Input material START
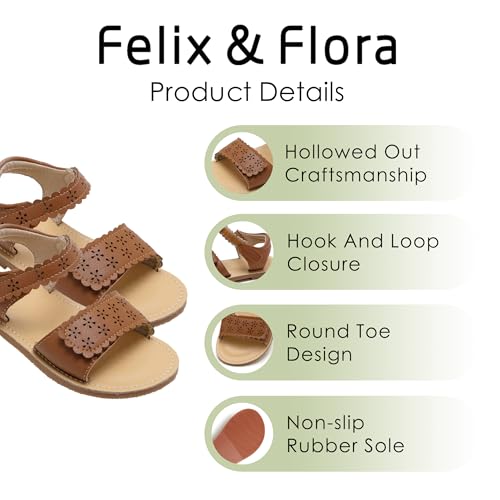 Image of Felix & Flora Toddler Girl Sandals -Flower Girl Dress Shoes Open Toe Little Kid Flats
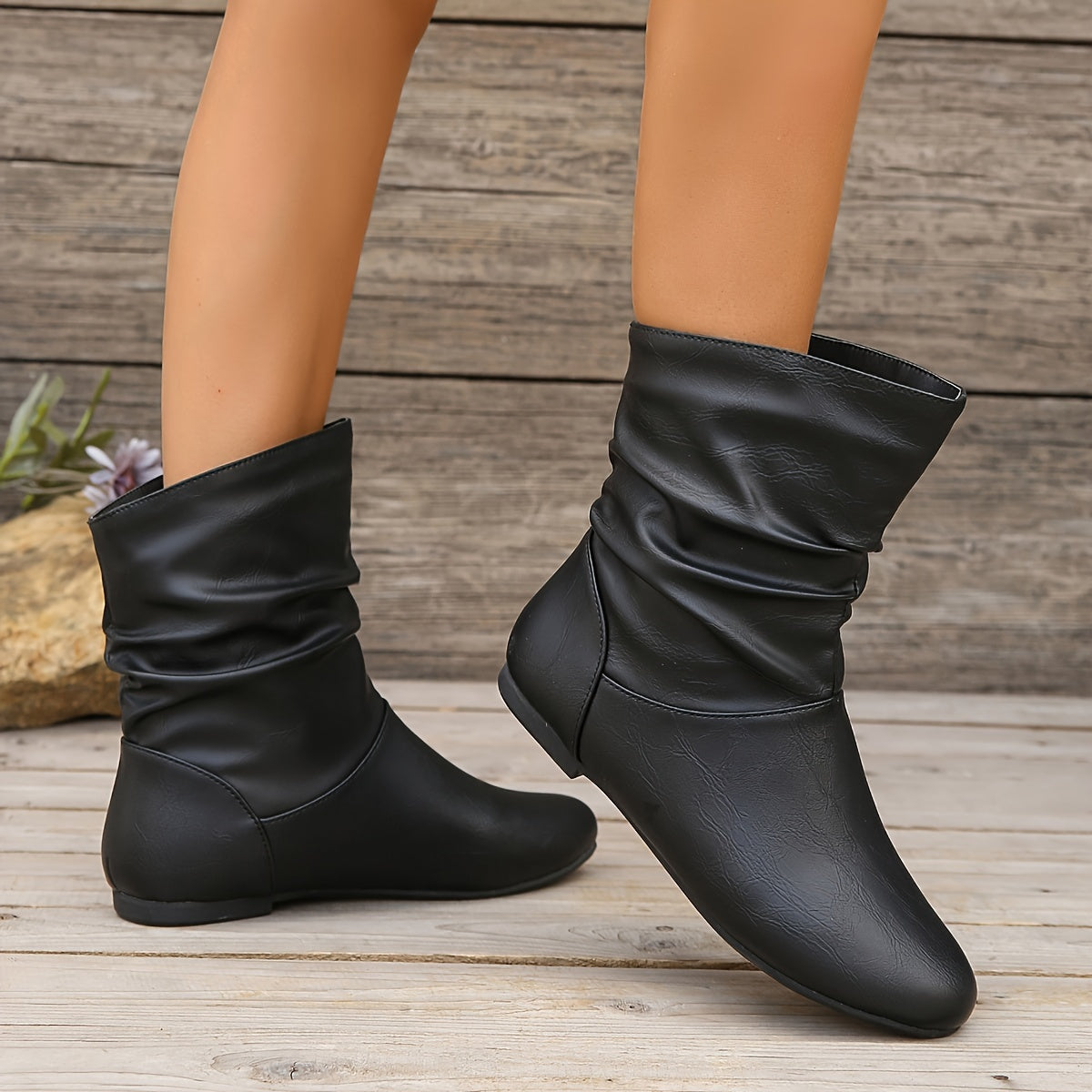 Slouch Ankle Boots Faux Leather Brown Women's Flat Slip-On – Casual, Office, Holiday, Gift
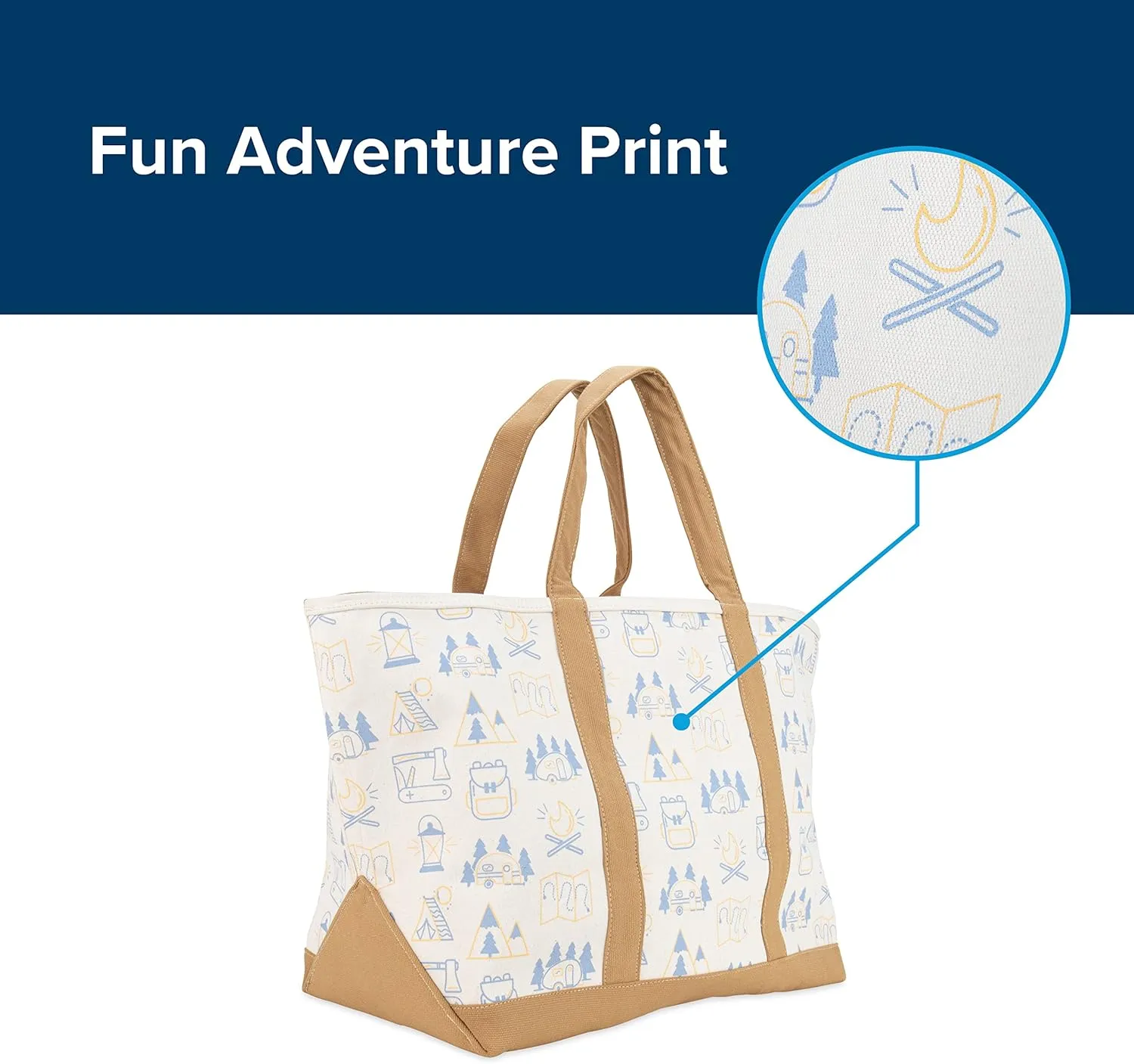 Camco Life is Better at the Campsite Canvas Tote Bag | Features a Heavy-Duty Cotton Canvas Design with Reinforced Base, a Unique RV-Themed Adventure Print, and a Zippered Top Closure | X-Large (53128)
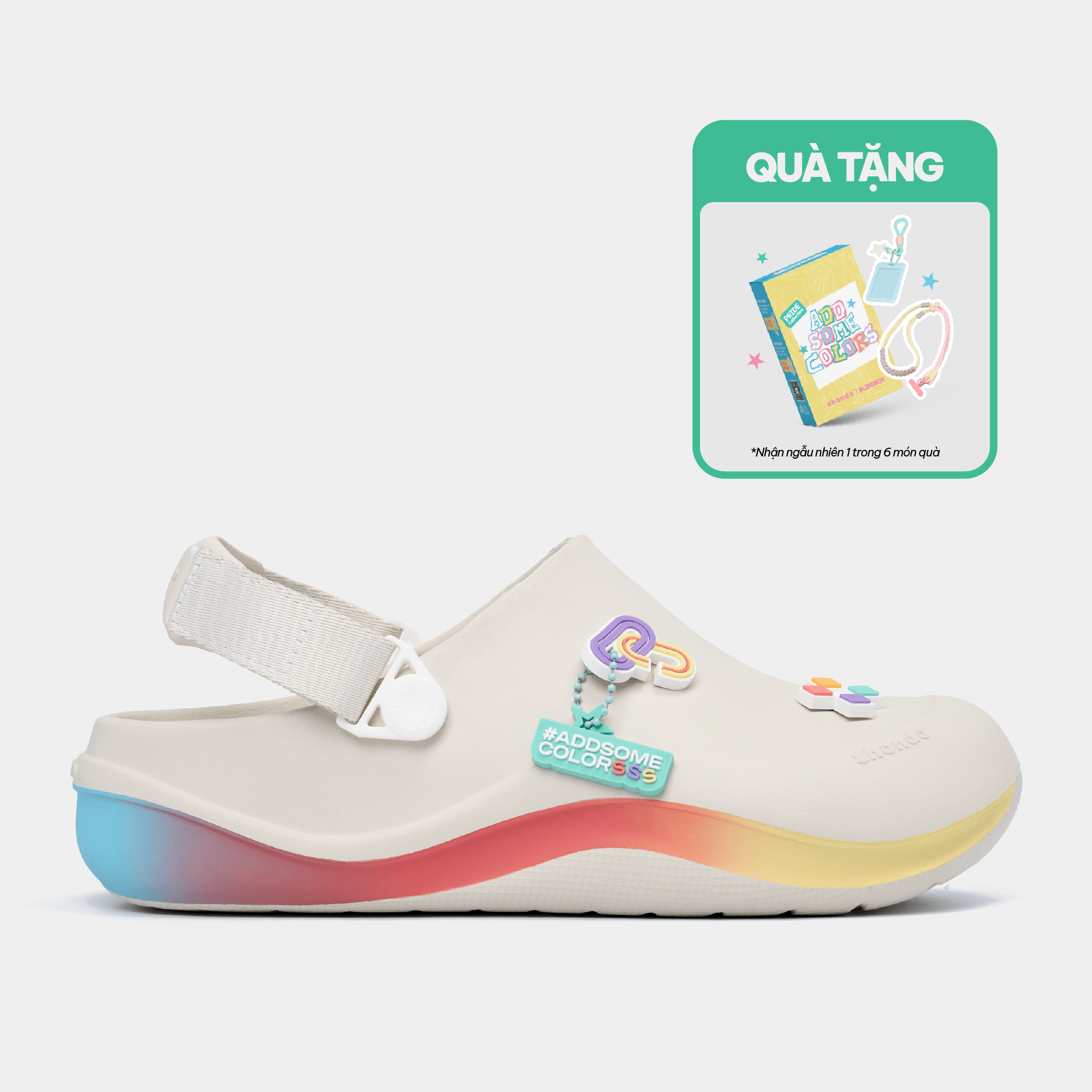 Clog Suke PRIDE unisex trắng kem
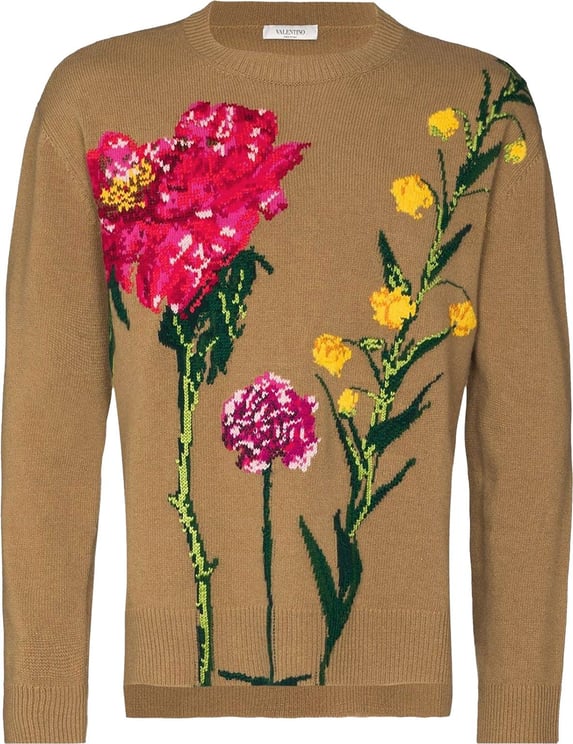 Valentino Valentino Floral Intarsia Knit Brown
Input material END
→ **Exercise prompt**
What you return must match the entries above exactly, apart from the pictures, which are left out.

→ **Expected answer**
 Image of Felix & Flora Toddler Girl Sandals -Flower Girl Dress Shoes Open Toe Little Kid Flats
 Slouch Ankle Boots Faux Leather Brown Women's Flat Slip-On – Casual, Office, Holiday, Gift
 Camco Life is Better at the Campsite Canvas Tote Bag | Features a Heavy-Duty Cotton Canvas Design with Reinforced Base, a Unique RV-Themed Adventure Print, and a Zippered Top Closure | X-Large (53128)
 Clog Suke PRIDE unisex trắng kem
 Valentino Valentino Floral Intarsia Knit Brown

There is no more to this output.